Initial D, an adaptation of famous Japanese comic, shooting on location in Japan, and produced by a team of talents from Hong Kong, Japan and Taiwan, has been the box-office winner in the past summer holiday and reminded the public about the great potentials of Hong Kong-Japanese coproductions. In fact, collaborations between the Hong Kong and Japanese filmmakers dated back to the early 1950s. As the Hong Kong Film Archive and the Leisure & Cultural Services Department are organizing a film festival called "Hong Kong and Japan: Early Co-productions", showing a collection of seven masterpieces dated from 1955 to 1965, it would be a good opportunity for the audience to chase the origin of the collaborations between the filmmakers of the two regions.
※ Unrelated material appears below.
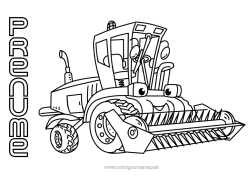 Pagină de colorat personalizată Vehicule Recoltoare Vehiculele fermei Ferma Meserii agricole Desen animat Vehicule personaje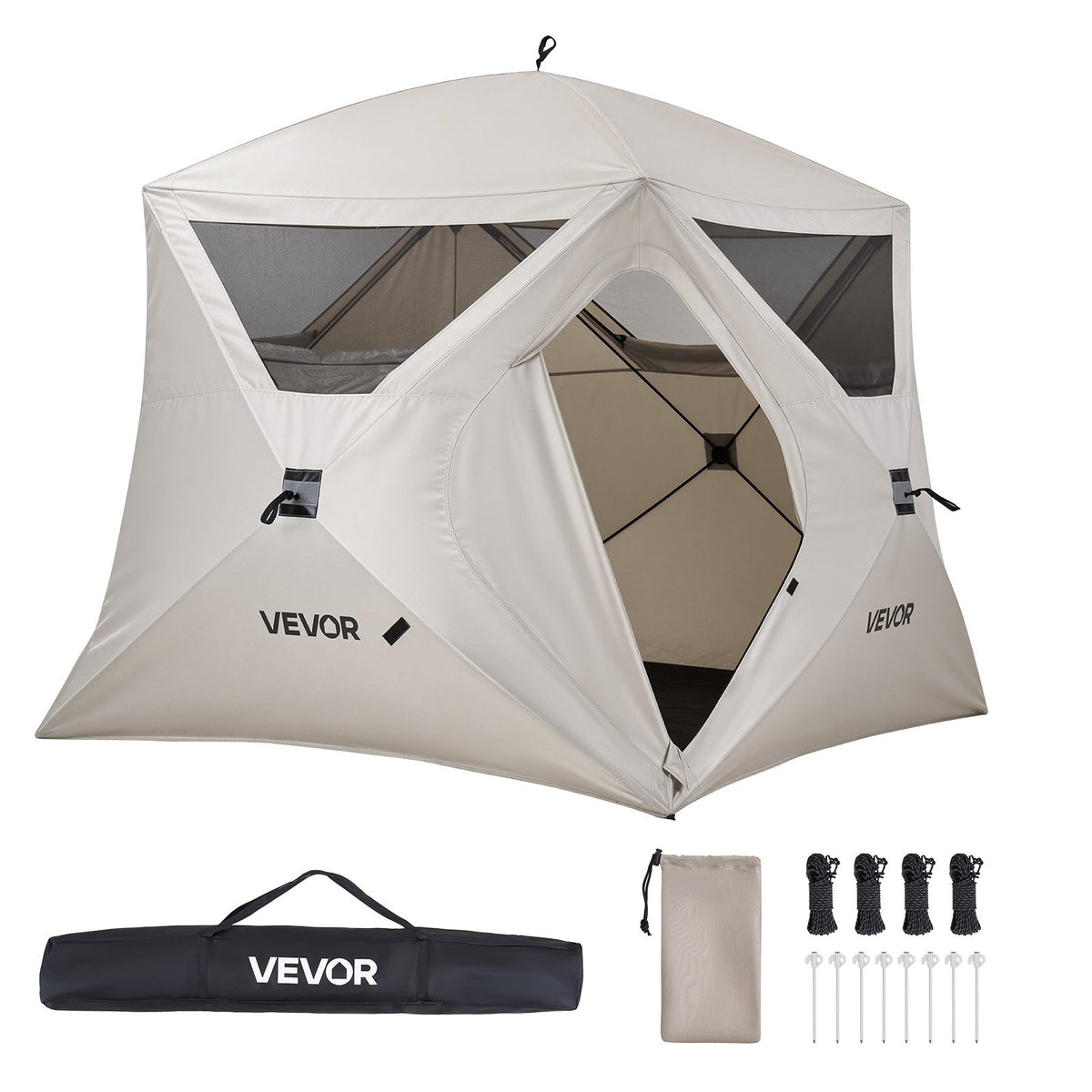 VEVOR Camping Tent, 4 Person Pop Up Instant Cabin Tent with Large Mesh Windows, 60 Seconds Easy Setup, Portable Cabin Hub Tents with Carry Bag for Family Outdoor Camping & Hiking, Upgraded Ventilation - DCZ9090INCH4FZHGY001V0 - view 10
The retrospective will be screened from 23rd September to 9th October at the Cinema of the HKFA and the Lecture Hall of the Hong Kong Science Museum.

 

The program includes the classical, cross-cultural love trilogy - A Night in Hong Kong, Star of Hong Kong and Hong Kong, Tokyo, Honolulu, all starring Hong Kong's superstar Lucilla You Min, who had won the "Best Actress in Asia" for two years, and Japan's famous actor Takarada Akira. Takarada will make a special appearance in Hong Kong at the seminar “Another Night in Hong Kong: Hong Kong-Japan Film Exchange in 1950s and 60s" at 4.30 PM on 8th October, sharing his experience of working in Hong Kong-Japanese co-productions.

 

In addition to the above trilogy (coproductions between MP&GI with Toho) which are seldom screened in Hong Kong in the recent years, Blood Will Tell and Madame Butterfly (productions of Hsin Hwa company), The Lone Swan (directed by Lee Sun-fung) and The Longest Night (production of MP&GI).

 

Hong Kong-Japanese co-productions date back to 1955 and 1956, when Zhang Shankun and Tong Yuejuan's Hsin Hwa went on location in Japan and made a series of films with the help of Toho, taking advantage of the opportunity to learn from the Japanese film industry. MP&GI went on a similar excursion at about the same time, making the Cantonese film The Lone Swan and the Mandarin film Miss Kikuko, later collaborating with Shochiku to make Hong Kong-Tokyo Honeymoon.

 

The cross-cultural partnership escalated in the early 1960s, resulting in the popular trilogy starring Hong Kong's Lucilla You Min and Japan's Takarada Akira, coproduced by MP&GI and Toho. In the mid-1960s and early 1970s, Shaw Brothers reached over to the Japanese film industry to sign long-term contracts with director Umetsugu Inoue and cinematographers Nishimoto Tadashi and Miyaki Yukio, whose work contributed greatly to the technical advancement of Hong Kong cinema.

 

Afterwards, the collaboration between Hong Kong and Japanese filmmakers keep intensifying. As Hong Kong productions are becoming much sophisticated, in the recent years the Japanese film industry also turn to Hong Kong for inspirations. For example, Toho has bought the script of the award-winning Hong Kong production Fly Me to Polaris (1999, GH Pictures) and made a Japanese adaptation in 2003. Showing in Japan and South Korea, the Japanese version was widely praised.

 

The latest successful example of Hong Kong-Japan collaborations is definitely the Initial D. With a storyline based on Japanese comic, this film, shot by the most talented Hong Kong filmmakers and with a casting of the most glamorous stars from Hong Kong, Japan and Taiwan, turned out to be a huge success across Mainland, Hong Kong, Taiwan and Japan, etc.

 

Being the film production and financing center in Asia, Hong Kong has been lining up the best talents across different countries for many years, promoting exchange in the film art. As more and more cross-region coproductions succeed, it is believed that cooperations between filmmakers from different regions will increase.